- Chase HQ
As the initial entry in what would become a kind of Taito micro-verse, Chase HQ lit up the arcades of the late 1980s with its rapid sprite scaling, digitized voice samples, and cops ‘n robbers gameplay. Though an iteration on a formula made popular by OutRun and built upon Taito’s earlier racing game Top Speed, Chase HQ adds elements of the classic Hollywood movie car chase. The original upright cabinet was unmissable. Its police decals with matching blue lights and wailing cop sirens stood up well against the largely Sega branded competition, and with its arrival closely aligned with Beverly Hills Cop, Lethal Weapon and Miami Vice, it was thematically on point for the time.
The action is split across five stages, with each stage divided into two distinct sections. First, you drive your undercover police car (which looks a whole lot like a Porsche 928) against the clock in pursuit of your assailant. You also have a limited number of turbo boosts that temporarily increase your speed (an idea later used by Sega in the less-than-great Turbo OutRun). The distance is helpfully displayed on the screen, so you can determine when you’re closing in. These stages have branching paths, another element from OutRun, and you need to take the correct one or else you’ll end up lagging behind your target. Once contact is made, your siren comes on and the timer resets, as you now have to destroy the criminal’s vehicle using your own car as a weapon. The enemy’s damage bar appears on the left hand side, with a radar on the right. Once you’ve inflicted enough damage, your opponent stops, the cuffs come out, and it’s onto the next mission. If you run out of time, you can replenish the clock with another credit, though if you’re engaged with an enemy, this annoying replenishes their health meter too.
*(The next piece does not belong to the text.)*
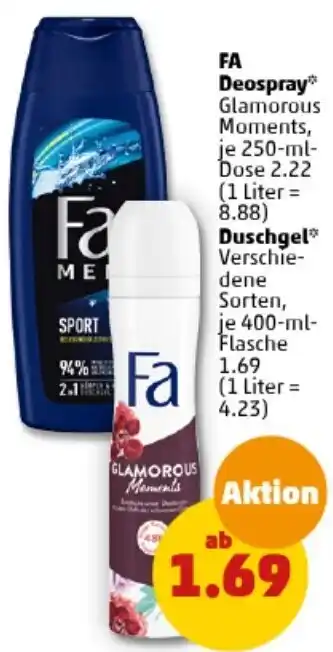 PENNY FA Deospra 250-ml-Dose oder Duschgel 400 ml Flasche Angebot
The real magic of Chase HQ lies in the atmosphere it creates within this simple framework. There’s tons of digitized speech, as each level opens up with orders from your operator Nancy, while the chatty protagonists Tony Gibson and Raymond Brody offer exciting commentary. The slap bass heavy music from Takami Asano (the guitarist for the band Godiego) keeps up the tension, and while not instantly memorable, certainly has some stand out moments. This, alongside the satisfaction you get from ramming the enemy cars off the road, puts the sensation of sideswiping a rear bumper up there with landing flurry of blows in Streets Of Rage. It just feels so right.
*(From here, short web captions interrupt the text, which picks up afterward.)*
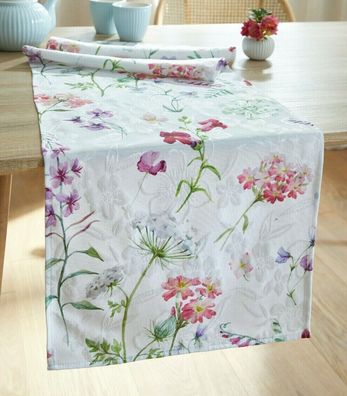 Tischläufer 40 x 140 cm Tischdecke Ostern Tischdeko Frühling bunt Blumen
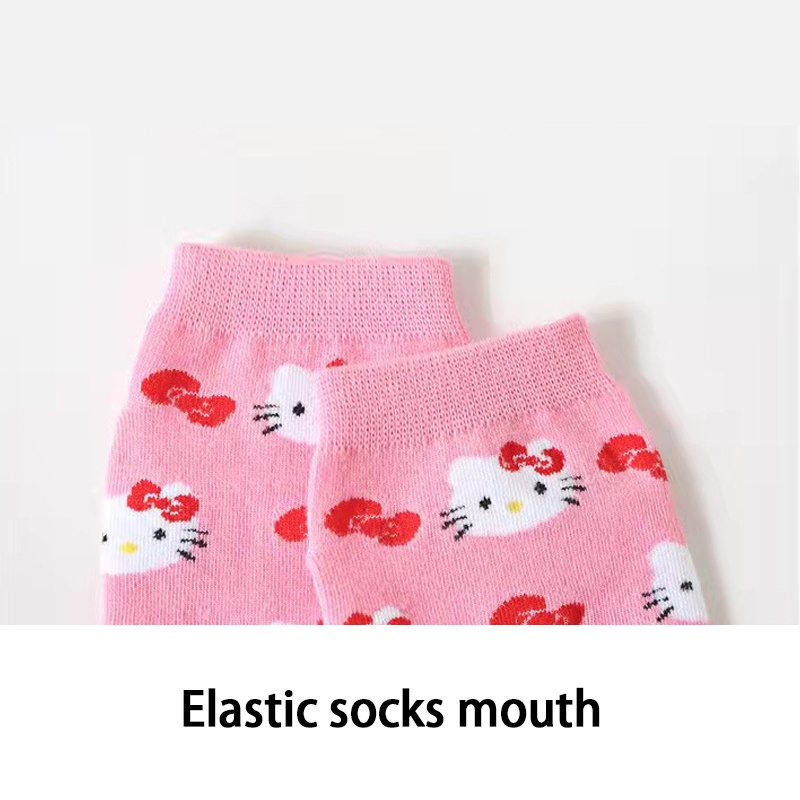 5 đôi bộ tất cotton sanrio kuromi 3-8 tuổi cho trẻ em bé gái và bé trai thoáng khí mỏng hello kitty hoạt hình medyas cho bé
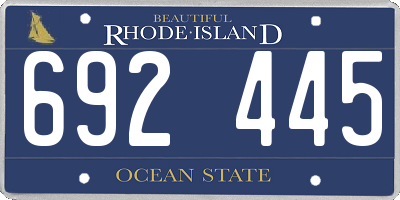 RI license plate 692445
The job of capturing the magic between the pixels for the home was always going to be tough, and alas so it was. In the west, home computer versions were handled by Ocean, a marquee synonymous with quick and sometimes dirty conversion work. On this occasion they managed to turn in some respectable ports, given the capabilities of the era’s hardware.
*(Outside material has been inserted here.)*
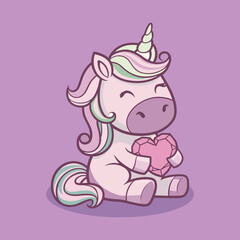 Adorable Rainbow Unicorn Character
The Spectrum version, with its monochromatic vistas and juddery roadside objects, is very much what you would expect from the platform. Even the one channel theme music is unashamedly Speccy whilst being a fair tribute to the arcade machine, but the conversion itself is a somewhat flat experience, even back in 1989. The C64 effort is a curious mashup of the machines graphical modes, the result being that the main car sprite blends into the scenery about as well as orange juice blends with milk. A crying shame, as out of the 8-bit home computers, this was most likely to be the machine that brought the arcade experience home. The MSX platform shares graphic assets with the ZX Spectrum version but plunging new depths of framerate, only improved by rapidly blinking your eyes during play in order to smooth out headache inducing jitteriness. The surprise home micro port is the Amstrad CPC release, which pushes the hardware about as far as possible, and perhaps a little bit beyond. Sampled effects and voices are lifted from the arcade and while the action is a far cry from that found in the original, the scaling roadside objects and moving horizon create an enjoyable, if somewhat more leisurely experience.
Versions were also created for the Amiga and Atari ST, but we can only wonder how much facetime the developers had with the arcade original. The once iconic Porsche now resembles a featureless black digital slug, rendered at about a quarter of the expected size. The framerate is firmly in the single figures and the limitations imposed by the single fire button setup results in an exercise of pure frustration. Neither were worth the budget asking price.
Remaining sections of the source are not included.